Author:
Zhai Yue,Bardel Claire,Vallée Maxime,Iwaz Jean,Roy Pascal
Abstract
Introduction: Ideally, evaluating next-generation sequencing performance requires a gold standard; in its absence, concordance between replicates is often used as substitute standard. However, the appropriateness of the concordance-discordance criterion has been rarely evaluated. This study analyses the relationship between the probability of discordance and the probability of error under different conditions. Methods: This study used a conditional probability approach under conditional dependence then conditional independence between two sequencing results and compares the probabilities of discordance and error in different theoretical conditions of sensitivity, specificity, and correlation between replicates, then on real results of sequencing genome NA12878. The study examines also covariate effects on discordance and error using generalized additive models with smooth functions.
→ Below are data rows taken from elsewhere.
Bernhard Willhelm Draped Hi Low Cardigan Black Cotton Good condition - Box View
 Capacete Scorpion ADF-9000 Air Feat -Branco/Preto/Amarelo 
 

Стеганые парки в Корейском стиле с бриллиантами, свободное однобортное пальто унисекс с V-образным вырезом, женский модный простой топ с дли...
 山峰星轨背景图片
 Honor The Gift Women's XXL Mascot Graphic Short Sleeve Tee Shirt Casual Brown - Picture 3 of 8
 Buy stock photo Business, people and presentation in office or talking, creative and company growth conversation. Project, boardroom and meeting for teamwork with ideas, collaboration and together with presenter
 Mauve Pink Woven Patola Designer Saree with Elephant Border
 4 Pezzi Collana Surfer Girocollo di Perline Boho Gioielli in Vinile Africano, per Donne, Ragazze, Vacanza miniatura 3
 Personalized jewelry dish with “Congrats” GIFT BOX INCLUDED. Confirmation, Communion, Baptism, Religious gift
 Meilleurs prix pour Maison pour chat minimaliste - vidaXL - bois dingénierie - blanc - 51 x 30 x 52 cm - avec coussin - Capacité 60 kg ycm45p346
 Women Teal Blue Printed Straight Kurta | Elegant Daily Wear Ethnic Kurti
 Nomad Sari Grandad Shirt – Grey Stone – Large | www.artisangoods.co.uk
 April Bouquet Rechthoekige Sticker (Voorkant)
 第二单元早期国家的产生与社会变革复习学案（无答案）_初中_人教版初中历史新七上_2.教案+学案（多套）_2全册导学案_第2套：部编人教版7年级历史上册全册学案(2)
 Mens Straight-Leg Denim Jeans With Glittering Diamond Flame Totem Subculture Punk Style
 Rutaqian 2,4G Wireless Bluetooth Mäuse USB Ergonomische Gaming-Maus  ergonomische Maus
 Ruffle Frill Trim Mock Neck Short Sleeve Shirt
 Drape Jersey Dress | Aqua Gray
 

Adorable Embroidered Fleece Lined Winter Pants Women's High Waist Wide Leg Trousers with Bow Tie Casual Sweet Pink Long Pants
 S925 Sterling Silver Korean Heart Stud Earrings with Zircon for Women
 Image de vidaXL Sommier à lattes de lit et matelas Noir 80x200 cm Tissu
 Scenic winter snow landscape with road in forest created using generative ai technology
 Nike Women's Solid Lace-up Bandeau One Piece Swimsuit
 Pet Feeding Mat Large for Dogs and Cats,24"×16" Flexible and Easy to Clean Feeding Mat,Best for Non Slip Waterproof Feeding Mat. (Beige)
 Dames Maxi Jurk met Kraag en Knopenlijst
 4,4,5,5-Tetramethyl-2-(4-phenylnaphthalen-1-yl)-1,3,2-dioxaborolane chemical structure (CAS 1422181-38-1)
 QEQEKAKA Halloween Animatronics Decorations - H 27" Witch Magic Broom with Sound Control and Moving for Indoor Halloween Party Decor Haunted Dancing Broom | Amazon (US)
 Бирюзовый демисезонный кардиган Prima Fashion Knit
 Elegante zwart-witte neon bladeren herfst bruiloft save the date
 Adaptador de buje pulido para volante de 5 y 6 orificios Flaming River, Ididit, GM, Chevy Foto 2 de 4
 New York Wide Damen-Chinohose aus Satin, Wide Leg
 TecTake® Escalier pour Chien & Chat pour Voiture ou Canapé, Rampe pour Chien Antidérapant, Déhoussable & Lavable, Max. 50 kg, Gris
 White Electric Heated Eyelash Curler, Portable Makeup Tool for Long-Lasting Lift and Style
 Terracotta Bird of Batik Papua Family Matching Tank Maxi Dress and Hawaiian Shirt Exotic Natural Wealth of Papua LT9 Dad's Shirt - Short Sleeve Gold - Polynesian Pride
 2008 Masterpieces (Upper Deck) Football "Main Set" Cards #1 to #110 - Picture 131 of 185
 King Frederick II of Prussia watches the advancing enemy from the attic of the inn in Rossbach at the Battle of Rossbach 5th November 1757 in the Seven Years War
Results: With 99% sensitivity and 99.9% specificity under conditional independence, the probability of error for a positive concordant pair of calls is 0.1%. With additional hypotheses of 0.1% prevalence and 0.9 correlation between replicates, the probability of error for a positive concordant pair is 47.4%. With real data, the estimated sensitivity, specificity, and correlation between tests for variants are around 98.98%, 99.996%, and 93%, respectively, and the error rate for positive concordant calls approximates 2.5%. In covariate effect analyses, the effects’ functional form is close between discordance and error models, though the parts of deviance explained by the covariates differ between discordance and error models. Conclusion: With conditional independence of two sequencing results, the concordance-discordance criterion seems acceptable as substitute standard. However, with high correlation, the criterion becomes questionable because a high percentage of false concordant results appears among concordant results.